How to Scrape Google Search Results with Python

By Dirk Hoekstra on 28 Dec, 2020 - updated on 06 Mar, 2024

In this article, we're going to build a Google search result scraper in Python!

We'll start with creating everything ourselves. And then, we'll make our lives easier by implementing a SERP API.

Let's dive in!

Setting up the project

Let's start by creating a folder that will hold our project.

mkdir google-scraper
cd google-scraper
touch scraper.py

Next, we should have a way to retrieve the HTML of Google.

As a first test, I add the following code to get the HTML of the Google home page.

# Use urllib to perform the request
import urllib.request

url = 'https://google.com'

# Perform the request
request = urllib.request.Request(url)
raw_response = urllib.request.urlopen(request).read()

# Read the repsonse as a utf-8 string
html = raw_response.decode("utf-8")

print(html)

And when we run this, everything works as expected! 🎉

python3 main.py

// A lot of HTML gibberish here

Getting a Search Result page

We've got the HTML of the Google home page. But, there is not a lot of interesting information there.

Let's update our script to get a search result page.

The url format of Google is https://google.com/search?q=Your+Search+Query

Note that spaces are replaced with + symbols.

For the next step, I update the url variable to a question that has been burning on my mind: "What is the answer to life the universe and everything"

url = 'https://google.com/search?q=What+is+the+answer+to+life+the+universe+and+everything'

Let's run the program and see the result.

python3 scraper.py

urllib.error.HTTPError: HTTP Error 403: Forbidden

Hmm, something is going wrong.

It turns out that Google is no too keen on automated programs getting the search result page.

A solution is to mask the fact that we are an automated program by setting a normal User-Agent header.

# Use urllib to perform the request
import urllib.request

url = 'https://google.com/search?q=What+is+the+answer+to+life+the+universe+and+everything'

# Perform the request
request = urllib.request.Request(url)

# Set a normal User Agent header
request.add_header('User-Agent', 'Mozilla/5.0 (Macintosh; Intel Mac OS X 10_15_6) AppleWebKit/537.36 (KHTML, like Gecko) Chrome/87.0.4280.88 Safari/537.36')
raw_response = urllib.request.urlopen(request).read()

# Read the repsonse as a utf-8 string
html = raw_response.decode("utf-8")

print(html)

And when we run the program again, it prints the HTML gibberish of the search result page! 🙌

Setting up BeautifulSoup

To extract information from the raw HTML I'm going to use the BeautifulSoup package.
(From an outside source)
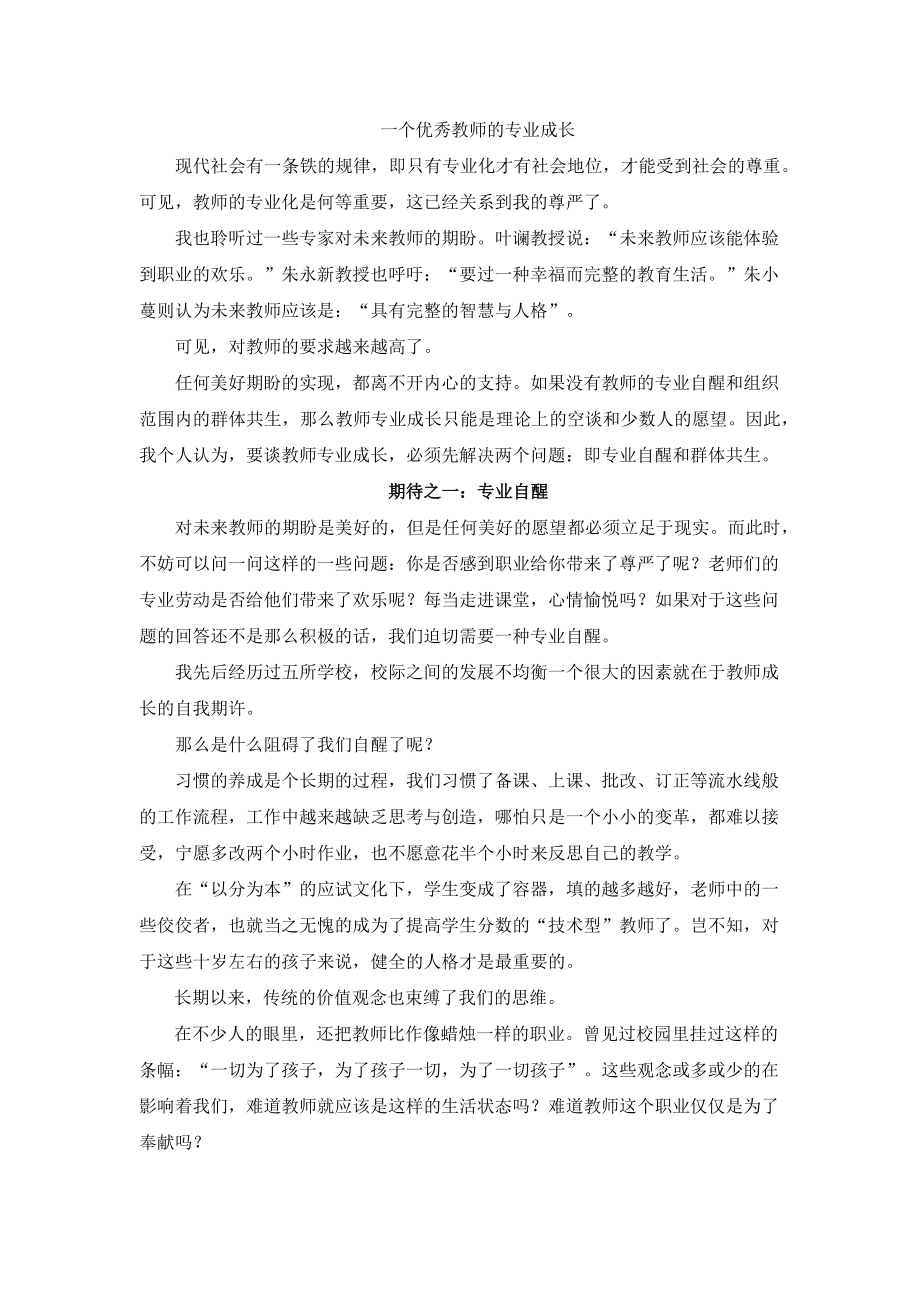 教师的专业成长_第1页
pip3 install beautifulsoup4

Next, we should import the package.

from bs4 import BeautifulSoup

Then, we can construct a soup object form the html

# Other code here

# Construct the soup object
soup = BeautifulSoup(html, 'html.parser')

# Let's print the title to see if everything works
print(soup.title)

For now, we use the soup object to print out the page title. Just to see if everything works correctly.

python3 scraper.py
<title>What is the answer to life the universe and everything - Google search</title>

Great, it extracts the title of our search page! 🔥

Extracting the Search Results

Let's take it a step further and extract the actual search results from the page.
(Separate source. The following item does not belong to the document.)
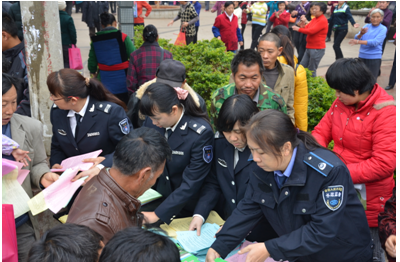 QQ截图20160323104514.png QQ截图20160323104514.png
To figure out how to access the search results I fire up Chrome and inspect a Google search result page.

There are 2 things I notice.

The search results are contained in a #search div.
Each result has the g class name.

We can use this information to extract the search results with BeautifulSoup.

# Other code here

# Construct the soup object
soup = BeautifulSoup(html, 'html.parser')
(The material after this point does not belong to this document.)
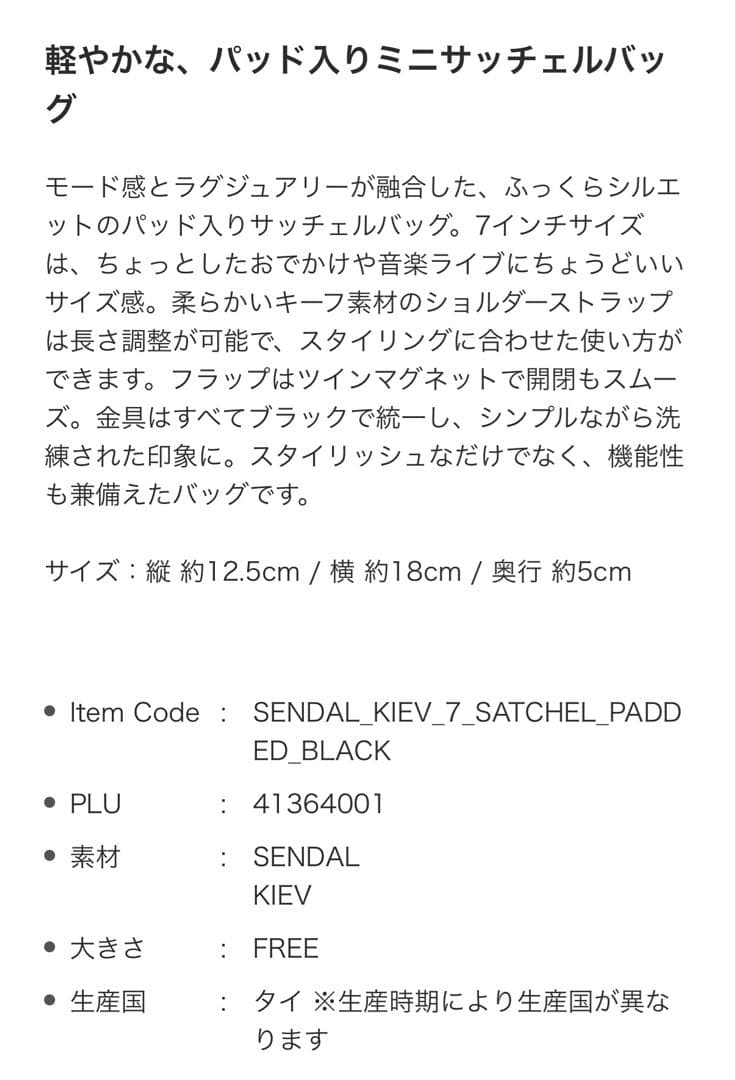 ドクターマーチン　サッチェル　パテッド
# Find all the search result divs
divs = soup.select("#search div.g")
for div in divs:
    # For now just print the text contents.
    print(div.get_text() + "\n\n")

Let's run the program and see if it works

python3 scraper.py
Results 42 (number) - Wikipediaen.wikipedia.org › wiki › 42_(num...en.wikipedia.org › wiki › 
42_(num...In&nbsp;cacheVergelijkbaarVertaal deze paginaThe number 42 is, in The Hitchhiker's Guide 
to the Galaxy by Douglas Adams, the "Answer to the Ultimate Question of Life, the Universe, and 
Everything", calculated by an enormous supercomputer named Deep Thought over a period of 7.5 
million years.‎Phrases from The Hitchhiker's ... · ‎43 (number) · ‎41 (number) · ‎Pronic number


//  And many more results

The good news: It kind of works.

The bad news: A lot of gibberish is still included.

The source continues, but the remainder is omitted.